Last Updated on 11/02/2022 by Nidhi Khandelwal
After a zero-day vulnerability was discovered in the Argo continuous deployment (CD) tool for Kubernetes, users are being advised to push through fixes. The vulnerability might allow an attacker to extract sensitive information such as passwords and API keys.
The bug, dubbed CVE-2022-24348 (CVSS 7.7), affects all versions and was fixed in versions 2.3.0, 2.2.4, and 2.1.9. On January 30, 2022s, Apiiro, a cloud security startup, was credited with detecting and reporting the flaw.
Continuous deployment, also known as continuous delivery, is a procedure for automatically deploying all code changes to the testing and/or production environments after they have been thoroughly tested and merged into a central repository.
Alibaba Group, BMW Group, Deloitte, Gojek, IBM, Intuit, LexisNexis, Red Hat, Skyscanner, Swisscom, and Ticketmaster are among the 191 companies that use Argo CD.
According to Moshe Zioni, Apiiro’s VP of security research, the path-traversal vulnerability “allows bad actors to load a Kubernetes Helm Chart YAML file to the vulnerability and ‘hop’ from their application ecosystem to other applications’ data outside of the user’s scope.”

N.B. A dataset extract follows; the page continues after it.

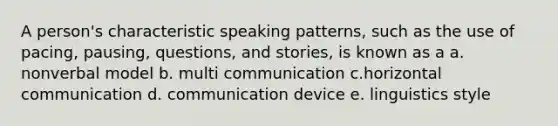 A person's characteristic speaking patterns, such as the use of pacing, pausing, questions, and stories, is known as a a. nonverbal model b. multi communication c.horizontal communication d. communication device e. linguistics style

Malicious Kubernetes Helm Chart YAML files, which specify a set of Kubernetes resources necessary to launch an application, can be loaded onto the target system by bad actors, allowing them to retrieve confidential information from other apps.
Successfully exploiting the flaw could result in catastrophic implications ranging from privilege escalation and sensitive data disclosure to lateral movement attacks and token exfiltration from other applications.